Asked on May 19, 2017

I want to start a garden. Where do I start?



4 answers
  • Marcia Lazenby
    on May 19, 2017

    by laying out your area...i use spray paint anytime i am trying to figure out the size in my yard for anything...then have the ground tilled up with a tiller....unless your going raised beds??
  • Cha20880301
    on May 19, 2017

    This has a lot of variables to it, like in the ground, raised, or tubbed garden. We will go with in the existing ground. First, gather your tools, fertilizers, potting soil, plants, seeds, and hose. Till the ground with a tiller, or break it up and chop it until it is loose with no huge clumps.

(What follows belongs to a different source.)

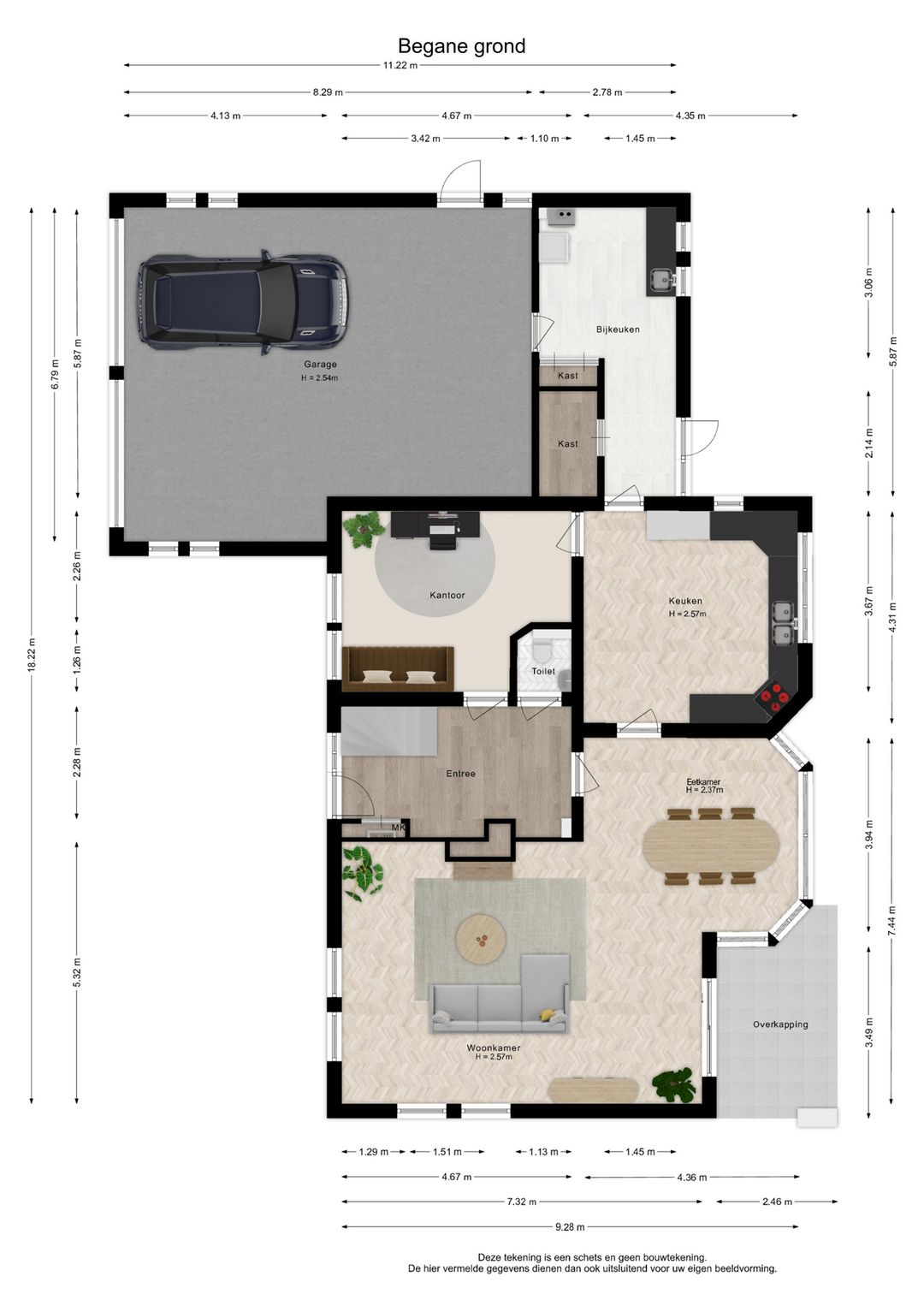 Foto 91 van Het eenspan 12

Now you will want to empty the bag of potting soil and mix it with your tilled soil. Lay out your plant/seeds into rows the way you want them. Plant them at least 8-10 inches apart to allow for growth of smaller plants and at least a foot apart for larger plants (tomatoes, beans, etc.) Apply Miracle Grow after planting according to its directions to make sure you plants are getting enough nourishment. If you find you like gardening you can get into prepping your ground in the fall for next year's plants by balancing soil ph, and proper nitrogen, as well, as a host of other soil preps for the serious gardening next spring. This will give you a taste of what it is like to grow your own foods to see if it is for you. Enjoy!
  • Rob7453153
    on May 19, 2017

    Do you want to start a vegetable garden, or improve the look of the front of your house with new flower beds? A good way to start is by finding out what planting zone you are in, meaning the seasonal temperature range. That will make a difference to the kinds of plants you can expect to do well. Walk around your neighborhood and look at what kinds of plants are doing well and whether they appeal to you, and the way they look around the house and each other. Take pictures so you can match them up with plants that are for sale in your local stores, or in catalogs. Some of the catalogs feature a pre-designed "shade garden" or "spring blooming garden," with a sketch of the design, how large an area to place it in, and you can order all the plants you need. It's laid out like a recipe.
    Before you buy anything, look at your house on a sunny day and check which parts of your yard get sun or shade and how many hours. You don't want to put a plant that requires "full sun" in a spot that gets less than 6 hours of sunlight because it won't do well in the wrong spot. You can make a plan of where you want your garden beds to be and how you want them to look by sketching it out. There are also programs online to help you create a garden plan, though these are generally ambitious.
    If you want to start a vegetable garden, you must have a sunny area in your back yard. Many communities don't allow you to have a cornfield on your front lawn!
    Don't think that you have to have a finished garden -BOOM! -all at once, like on the TV shows. Plant a small area now, see what does well, then in the fall or next spring start to expand.
    One of my great pleasures is to visit a botanical garden in my area and see what they are growing, and I often find plants that I have never seen. These will often do well because they are growing in the same climate as where I live.
    Enjoy yourself. :)
  • Jewellmartin
    on May 20, 2017

    @Roberta. One of the stereotypes is of the gardener who spends all winter, pouring over seed magazines, making lists and diagrams of what will be planted in the spring. Well, you need to be a little like that gardener. You have already been given some very good advice, but you need to decide what you want to see when you look at your garden. I suggest you start small, but if you have the land, time and money, go as big as you want. You can always share your bounty with people you know, or with complete strangers, with a smile! Best wishes.